Definitions of modesty are actually more culturally based than people realize. The new testament focuses on modesty in a spiritual framework, rather than an absolutely focusing on specific attire. Both Paul (1 Timothy 2:9-10) and Peter (1 Peter 3:3) say that women should apply the concept of modesty to their motivations, and focus on inner beauty, rather than drawing attention by being too flashy in their dress. In other words, if a woman is wearing clothes to seduce men, or to shame poorer women, then she is in sin. Otherwise, clothes are clothes as long they are covering naked body parts. Common sense should tell people what is and isn’t appropriate.
Some argue that “girding up the loins” represents pants and was something that only men did, so women shouldn’t were pants because they never “girded their loins”. Girding one’s loins was done when someone needed to do physically intense labor, run from danger, etc. The implication is that only men would have needed to gird their loins, however, this is historically false and biblically doesn’t work. Proverbs 31 talks about the virtuous woman, and mentions that she “girdeth her loins with strength, and strengtheneth her arms”. Other translates say she “throws herself into her work”, this implies that women did do laborious tasks that required girding, and a virtuous woman is a hard worker. In Luke 12:35, Jesus (talking to everyone) says to be like servants awaiting their master and have your “loins girded” in preparation for his return. This was more of an analogy but the reference it to a physical action that they were all familiar with and capable of. Likewise, Ephesians 6:14 uses a reference to military armor as an analogy for spiritual attributes that believers have, and says to have “your loins girt about with truth”. 1 Peter 1:13, says to “gird the loins” of your mind, as a reference to mental focus on a task.

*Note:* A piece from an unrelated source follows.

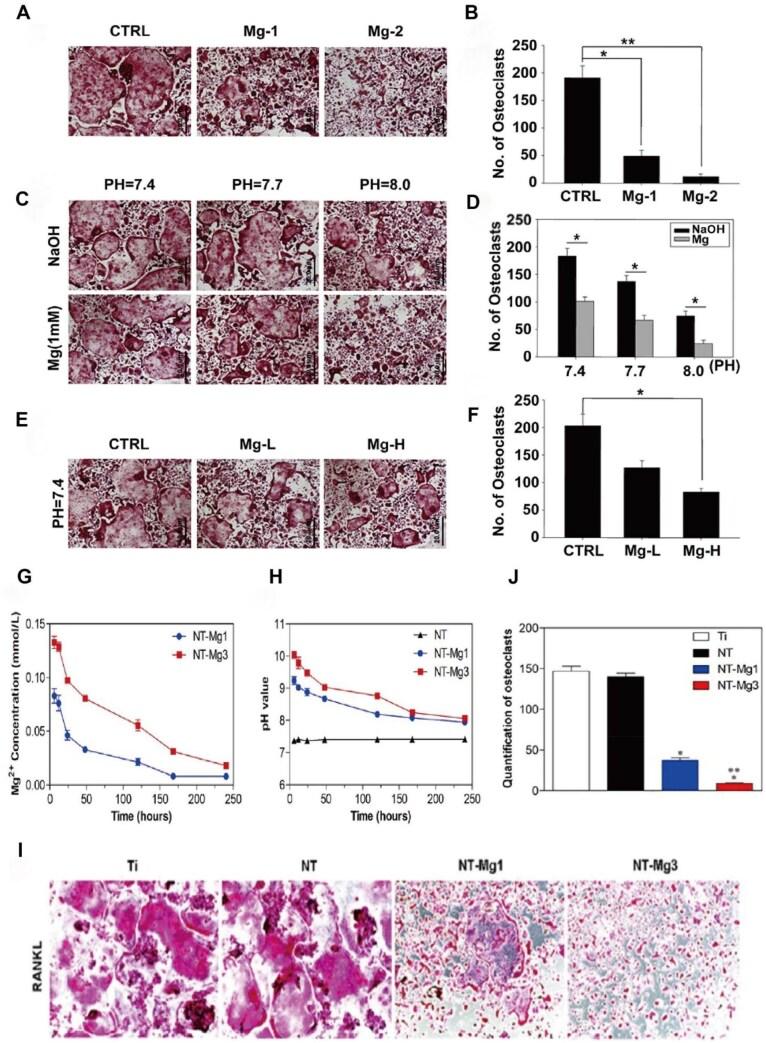 https://cdn.ncbi.nlm.nih.gov/pmc/blobs/8de1/12092085/919e9f553f7e/rbaf026f5.jpg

An article on the subject:
“If a woman is not to have an article of clothing made for her to wear that was originally made for men, such as pants, then that should pertain to ALL clothing. This should then apply to t-shirts, which were originally made for GIs in WWII, and even more so if you are to take that this scripture is making specific references to garments of war. This rule should also apply to other articles of clothing originally made for men such as baseball caps, team jerseys, work boots, and certain styles of coats and jackets.”